→ **Provided entries**:
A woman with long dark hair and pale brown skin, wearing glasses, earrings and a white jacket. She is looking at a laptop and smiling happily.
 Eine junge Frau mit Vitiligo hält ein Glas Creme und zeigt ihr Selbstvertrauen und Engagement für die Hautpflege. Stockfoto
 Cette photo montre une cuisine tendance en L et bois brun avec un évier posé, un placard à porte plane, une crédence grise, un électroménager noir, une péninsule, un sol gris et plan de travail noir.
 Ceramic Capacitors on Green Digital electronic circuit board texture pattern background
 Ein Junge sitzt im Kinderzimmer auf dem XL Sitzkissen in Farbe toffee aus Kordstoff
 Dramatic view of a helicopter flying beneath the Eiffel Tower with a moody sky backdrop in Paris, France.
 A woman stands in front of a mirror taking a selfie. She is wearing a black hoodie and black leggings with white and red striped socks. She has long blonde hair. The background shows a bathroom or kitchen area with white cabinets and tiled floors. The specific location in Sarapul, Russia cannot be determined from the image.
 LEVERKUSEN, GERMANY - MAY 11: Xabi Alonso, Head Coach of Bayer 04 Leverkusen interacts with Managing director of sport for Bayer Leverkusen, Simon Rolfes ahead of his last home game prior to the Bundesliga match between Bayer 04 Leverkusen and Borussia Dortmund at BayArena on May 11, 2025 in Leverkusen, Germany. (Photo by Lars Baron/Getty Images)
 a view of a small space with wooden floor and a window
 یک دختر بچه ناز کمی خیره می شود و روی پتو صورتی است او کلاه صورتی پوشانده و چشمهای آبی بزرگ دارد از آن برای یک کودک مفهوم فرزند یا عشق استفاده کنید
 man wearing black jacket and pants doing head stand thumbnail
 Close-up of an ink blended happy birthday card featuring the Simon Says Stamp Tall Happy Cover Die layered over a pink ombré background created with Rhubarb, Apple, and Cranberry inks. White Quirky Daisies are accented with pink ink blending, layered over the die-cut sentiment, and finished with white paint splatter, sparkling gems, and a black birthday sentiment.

→ **What is expected**: The whole listing above is to be output exactly.

→ **The answer**:
A woman with long dark hair and pale brown skin, wearing glasses, earrings and a white jacket. She is looking at a laptop and smiling happily.
 Eine junge Frau mit Vitiligo hält ein Glas Creme und zeigt ihr Selbstvertrauen und Engagement für die Hautpflege. Stockfoto
 Cette photo montre une cuisine tendance en L et bois brun avec un évier posé, un placard à porte plane, une crédence grise, un électroménager noir, une péninsule, un sol gris et plan de travail noir.
 Ceramic Capacitors on Green Digital electronic circuit board texture pattern background
 Ein Junge sitzt im Kinderzimmer auf dem XL Sitzkissen in Farbe toffee aus Kordstoff
 Dramatic view of a helicopter flying beneath the Eiffel Tower with a moody sky backdrop in Paris, France.
 A woman stands in front of a mirror taking a selfie. She is wearing a black hoodie and black leggings with white and red striped socks. She has long blonde hair. The background shows a bathroom or kitchen area with white cabinets and tiled floors. The specific location in Sarapul, Russia cannot be determined from the image.
 LEVERKUSEN, GERMANY - MAY 11: Xabi Alonso, Head Coach of Bayer 04 Leverkusen interacts with Managing director of sport for Bayer Leverkusen, Simon Rolfes ahead of his last home game prior to the Bundesliga match between Bayer 04 Leverkusen and Borussia Dortmund at BayArena on May 11, 2025 in Leverkusen, Germany. (Photo by Lars Baron/Getty Images)
 a view of a small space with wooden floor and a window
 یک دختر بچه ناز کمی خیره می شود و روی پتو صورتی است او کلاه صورتی پوشانده و چشمهای آبی بزرگ دارد از آن برای یک کودک مفهوم فرزند یا عشق استفاده کنید
 man wearing black jacket and pants doing head stand thumbnail
 Close-up of an ink blended happy birthday card featuring the Simon Says Stamp Tall Happy Cover Die layered over a pink ombré background created with Rhubarb, Apple, and Cranberry inks. White Quirky Daisies are accented with pink ink blending, layered over the die-cut sentiment, and finished with white paint splatter, sparkling gems, and a black birthday sentiment.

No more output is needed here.